Diyarbakır'ın raylı sistem hikayesi

Abone Ol

Diyarbakır'da, hatırladığım kadarıyla 30 yıldan daha da fazla bir süre önce gündeme gelmişti raylı sistem konusu. Diyarbakır'ın trafiği o yıllarda şimdiki gibi değildi. Daha sakin, araçların az olduğu bir dönemdi. 

O tarihlerde öngörüde bulunarak böyle bir fikir atılmış ve bir ön çalışma yapılmıştı. Çok yerinde bir tespitti.
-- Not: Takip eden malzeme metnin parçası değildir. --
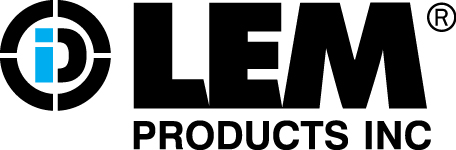 LEM Products Inc. Logo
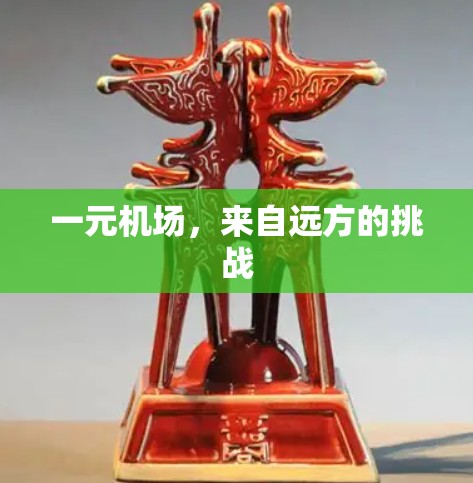 一元机场，来自远方的挑战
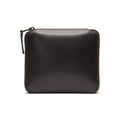 Comme Des Garcons Very Black Leather Line (BLACK)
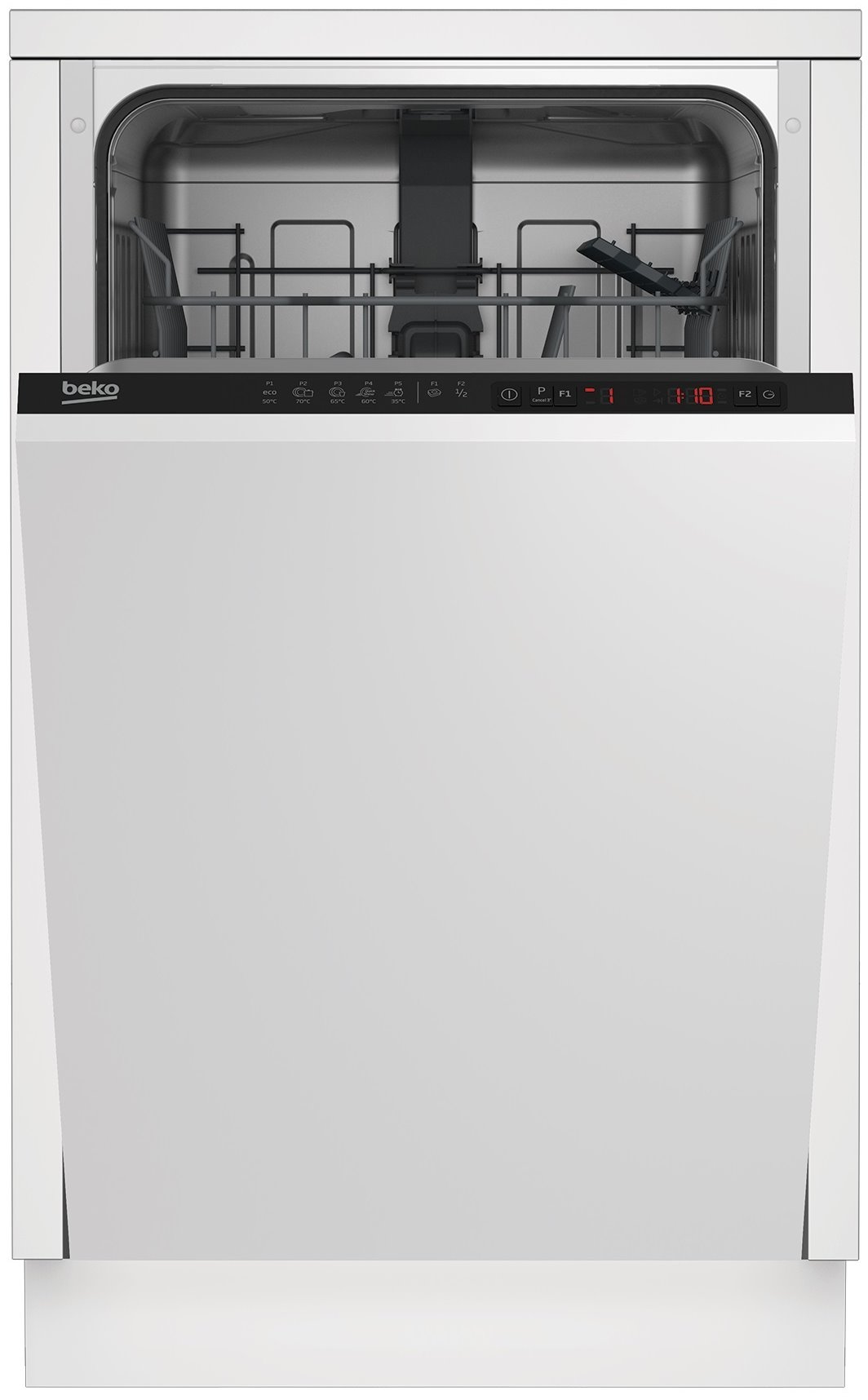 Beko DIS 25010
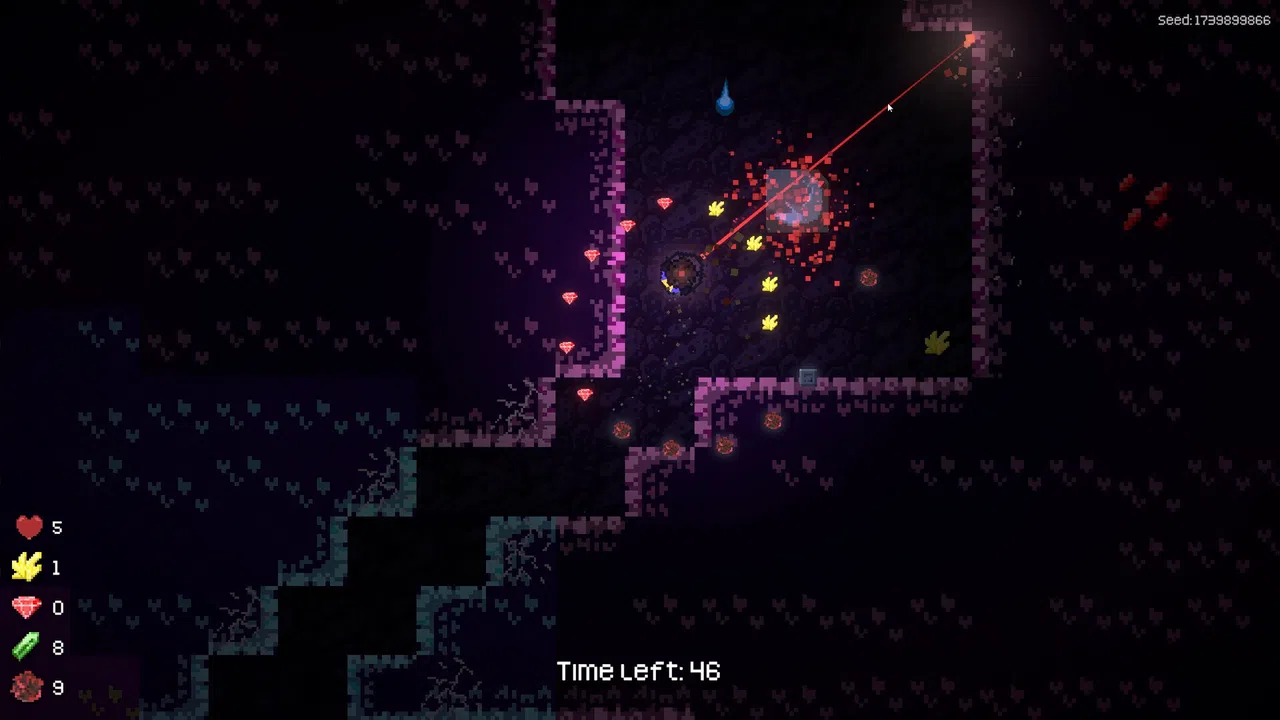 DrillScape Screenshot 4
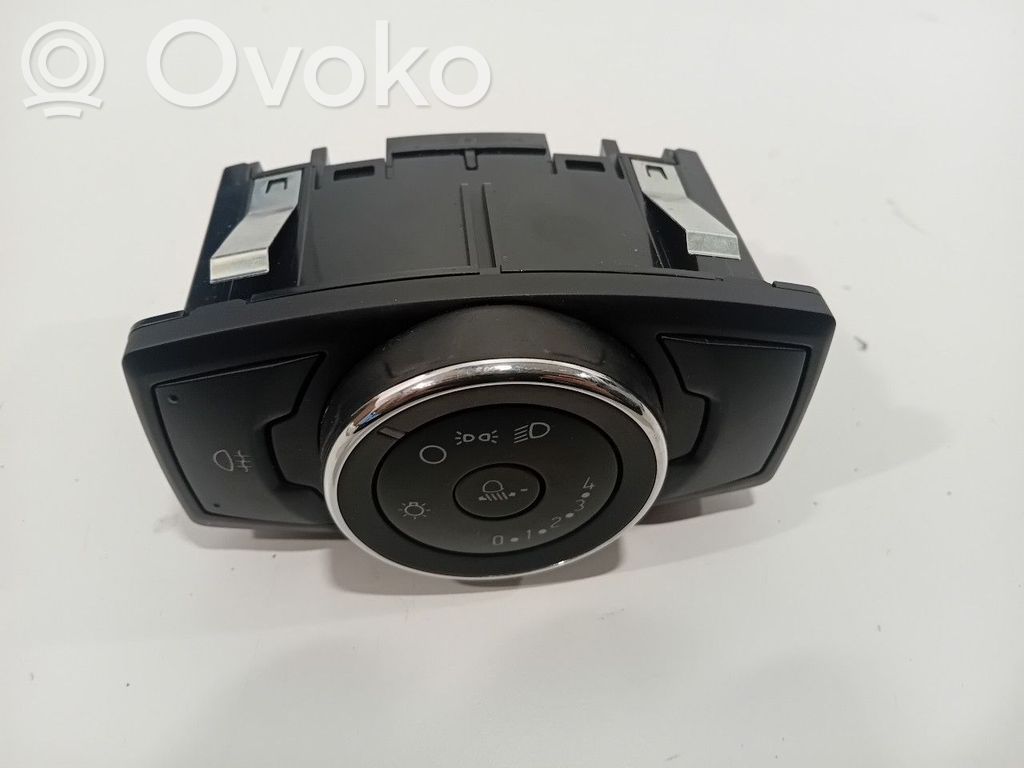 Ford Focus Lichtschalter 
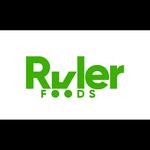 Photo taken at Ruler Foods by Yext Y. on 12/19/2017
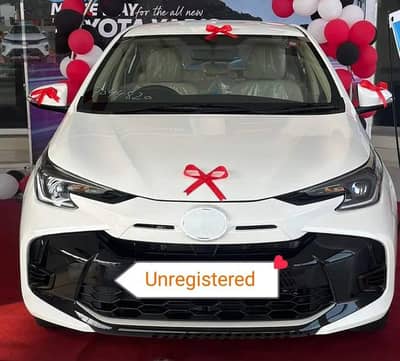 Yaris 1.3 Gli cvt special edition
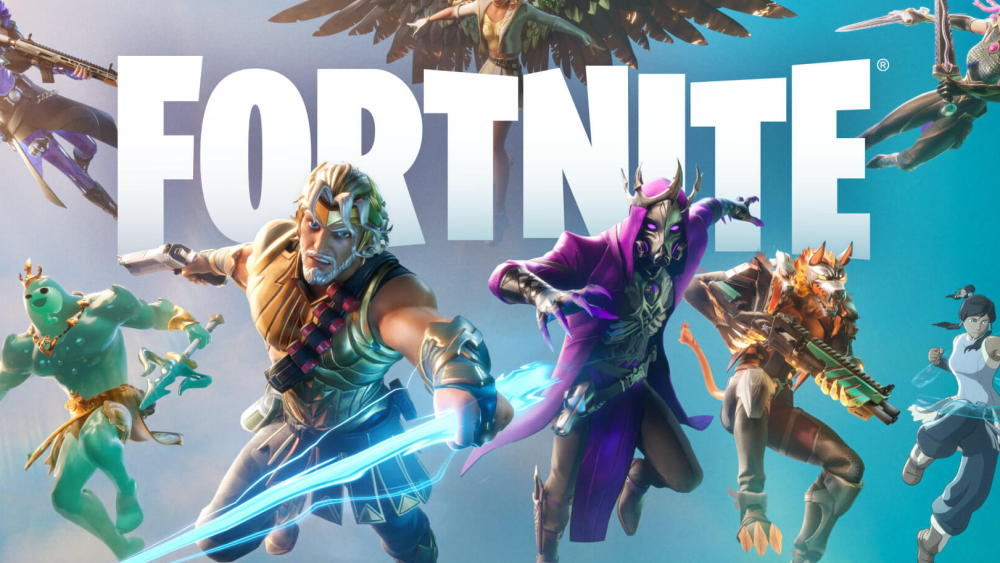Epic Games Lays Off 1,000, Will Cut $500 Million Amid 'Fortnite' Slump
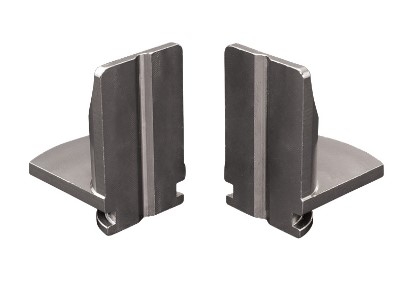 GRS® 20 mm Straight Top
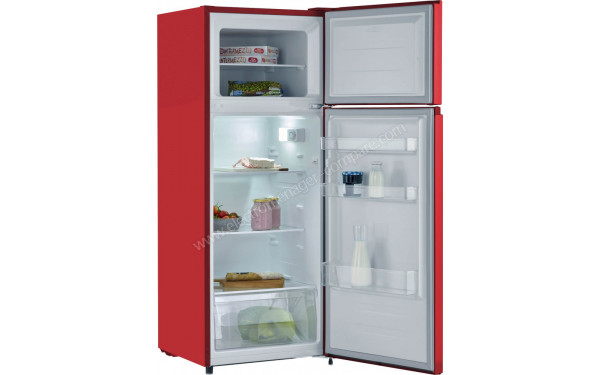 SEVERIN DT 8763 - Vue de l'int&eacute;rieur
O yıllarda belki bu konu beklendiği kadar ilgi görmemişti, ama aradan geçen zamanda bunun ne kadar da gerekli olduğu ortaya çıktı. Günümüzde artık buna ihtiyaç duyulmaya başlandı.

Son yıllarda, artan araç sayısı, yaşanan yoğun trafik raylı sistem konusunu yeniden gündeme getirdi ve raylı sistemle ilgili yoğun bir çalışma başlatıldı, projeleri hazırlandı. 

Diyarbakır'da kent sakinlerinin uzun yıllardır beklediği hafif raylı sistem ile ilgili projenin hazırlanması ve ihalesinin gerçekleştirilmesi umutları yeşertti.

Proje ile ilgili detaylar da açıklanmıştı; Dağkapı ile Gazi Yaşargil Eğitim Araştırma Hastanesi arasında inşa edilmesi düşünülen hafif raylı sistemin, 14,1 kilometre uzunluğunda ve 23 istasyondan oluşacağı belirtilmişti.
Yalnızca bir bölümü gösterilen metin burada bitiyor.